High View Fund, L.P. v. Hall

Decision Date16 September 1998
Docket NumberNo. 98 Civ. 1390(SAS).,No. 98 Civ. 2277(SAS).,98 Civ. 1390(SAS).,98 Civ. 2277(SAS).
Citation27 F.Supp.2d 420
PartiesTHE HIGH VIEW FUND, L.P. and the High View Fund, Plaintiffs, v. E. William HALL and Karen W. Hall, Defendants.
CourtU.S. District Court — Southern District of New York

Daniel Robbins, Brock Silverstein McAuliffe, LLC, New York City, for Plaintiffs.

Curt D. Marshall, Beatie and Osborn, New York City, for Defendants.

OPINION AND ORDER

SCHEINDLIN, District Judge.

On May 29, 1998, plaintiffs The High View Fund, L.P. and The High View Fund (collectively, "High View") filed an Amended Complaint in this consolidated action, asserting claims for (1) violations of the Federal securities laws, (2) fraudulent inducement, (3) violations of the Delaware Blue Sky laws, (4) breach of fiduciary duty, (5) unjust enrichment, (6) conversion, and (7) breach of contract. This Court has subject matter jurisdiction over the Federal securities law claims pursuant to Section 27 of the Securities Exchange Act of 1934 ("Exchange Act"), 15 U.S.C. § 78aa, and 28 U.S.C. § 1331. Jurisdiction over the state law claims is premised on the Court's supplemental jurisdiction, 28 U.S.C. § 1367(a), and diversity jurisdiction, 28 U.S.C. § 1332(a). Defendants E. William Hall and Karen W. Hall now move to dismiss the Amended Complaint pursuant to Fed. R.Civ.P. 8(a), 9(b), and 12(b)(6).

I. Factual Background

This action arises out of plaintiffs' $1 million investment in United Golf Properties, Inc. ("United Golf") and defendants' alleged misuse of United Golf's assets. For purposes of this Opinion, the following facts, drawn from the Amended Complaint, are assumed to be true.

Plaintiff The High View Fund, L.P. is a limited partnership formed under the laws of Delaware, with its principal place of business in New York, New York. Amended Complaint at ¶ 9. Plaintiff The High View Fund is a limited liability company, organized under the laws of the Bahamas, with is principal place of business in the Bahamas. Id. Both The High View Fund, L.P. and The High View Fund are investment partnerships. Id. United Golf is a corporation organized under the laws of Delaware, with its principal place of business in Timonium, Maryland. Id. at ¶ 12. United Golf was purportedly in the business of seeking out and acquiring golf properties. Id. William Hall was the President of United Golf and the Chairman of its Board of Directors until March 2, 1998, and Karen Hall was a director of United Golf until February 20, 1998. Id. at ¶¶ 10-11, 33, 37. The Halls are both citizens of Maryland. Id. at ¶¶ 10-11.

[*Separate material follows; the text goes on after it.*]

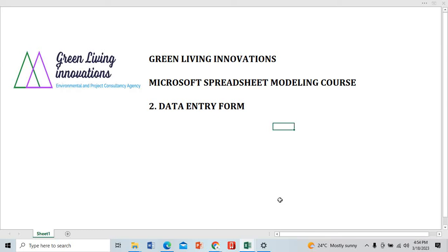Welcome to Green Living Innovations YouTube channel. Today we continue with the Microsoft Spreadsheet Modeling Course. We're going to do the second important thing - putting in data using data entry form.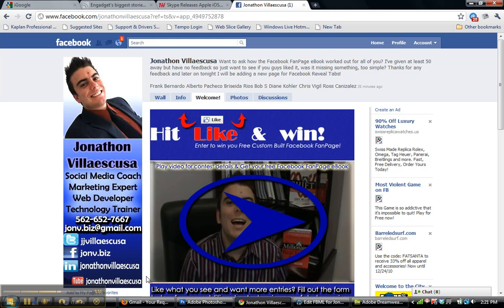If you want, go ahead and give me a call. My number is 562-652-7667. You can also email me at jonvictor.biz — that's b-i-z — at gmail.com, or hit me up on my Facebook fan page and I'll gladly get you started on your Facebook business solution. Thank you for watching, and please share.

A. The Offering Memorandum

On January 14, 1997, High View and United Golf entered into a registration rights agreement and subscription agreement (the "Purchase Agreements"). Id. at ¶ 13. Pursuant to the terms of those agreements, High View purchased two 10% Subordinated Notes (the "Notes") and 511,770 shares of United Golf common stock (the "Stock") for a total price of $1 million. Id. The United Golf Notes and Stock are securities regulated by the Securities Act of 1933 and the Securities Exchange Act of 1934. Id. at ¶ 14.

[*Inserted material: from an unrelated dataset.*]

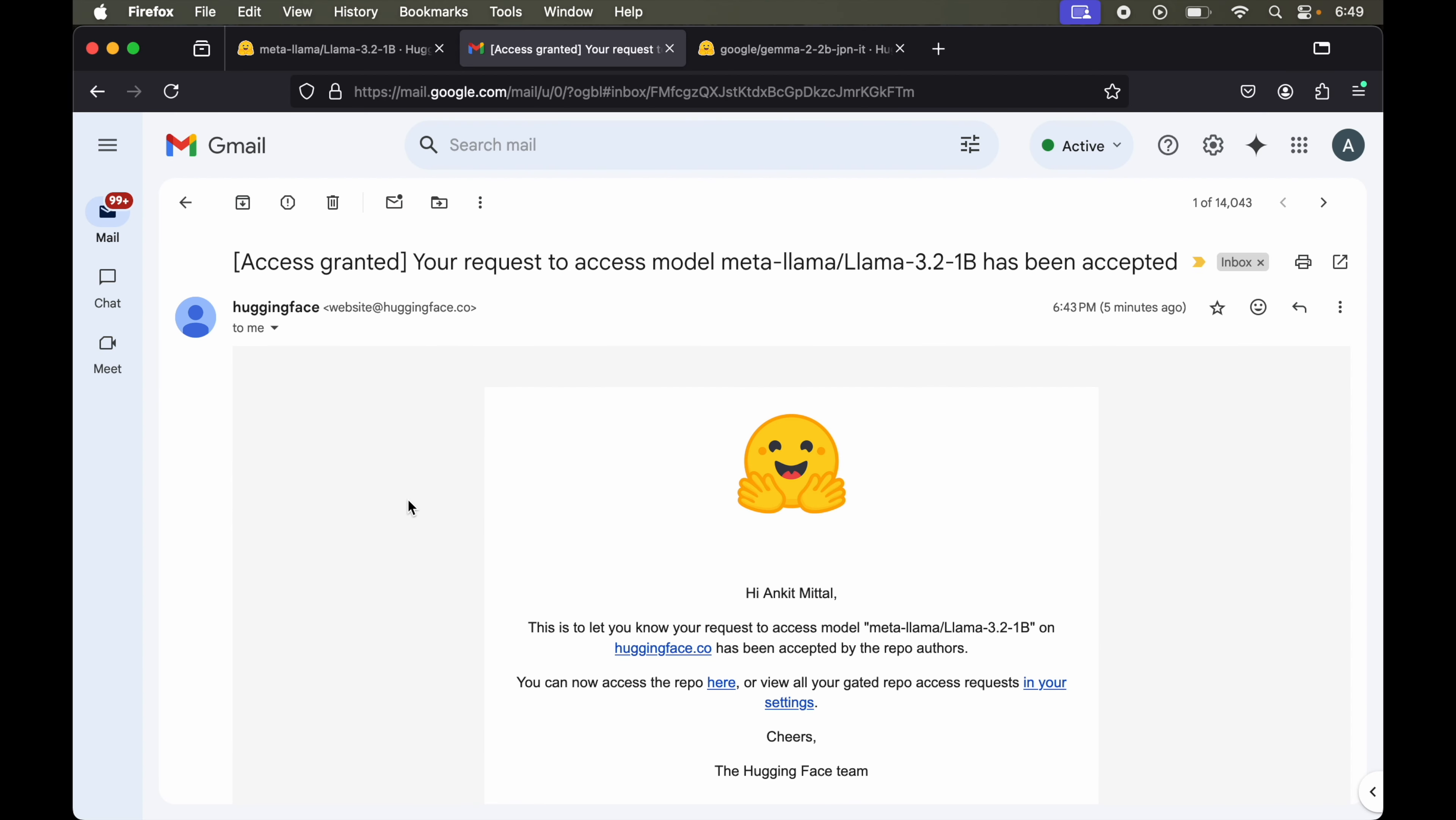As you can see, I've got the approval. Once this is approved, we'll get the confirmation on our email like this. This email says your request to access model Meta Llama 3.2 1 billion has been accepted.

Prior to plaintiffs' investment in United Golf, defendants provided plaintiffs with an Offering Memorandum dated December 11, 1996 (the "Offering Memorandum"). Id. at ¶ 15. This document stated, in part, that

[t]he Principal business strategy of the Company is to acquire high quality golf courses and to lease the golf courses to the Seller or their affiliate or other qualified operator. The Company believes that a multiple independent lessee structure, together with substantial industry knowledge, experience and relationships within the golf community of management of the Company and the initial lessees, will permit United Golf to effectively target and acquire high quality golf courses, including those which might not otherwise be available for sale.... To finance the acquisition and ownership of golf properties, the Company contemplates engaging in an IPO of shares of Common Stock of the Company and using proceeds therefrom to support the Company's acquisition of golf properties.

Offering Memorandum at 8.

The document further provided that

[t]he Company has identified an original group of management companies with whom it intends to negotiate for the purchase of golf courses they manage .... Concurrent with the preparations for the IPO and developing the aforementioned acquisition base, current management plans to identify and recruit experienced and skilled individuals from the golf and REIT industries to become part of the senior management group for the Company.

Id. at 12-13.

B. The Defendants' Post-Offering Conduct

On January 13, 1998, nearly one year after plaintiffs entered into the Purchase Agreements, High View presented William Hall with a written offer to assist United Golf in raising an additional $8.5 million of capital, in exchange for additional equity in the company. Amended Complaint at ¶ 27. This offer was contingent upon High View controlling the management of United Golf and plaintiffs' participation in negotiations with underwriters for an IPO. Id. William Hall assured plaintiffs that he would take their offer to the Board of Directors and take the appropriate steps toward concluding an agreement with High View. Id. Hall, however, did not inform the Board of Directors of plaintiffs' January 13, 1998 offer. Id. at ¶ 28.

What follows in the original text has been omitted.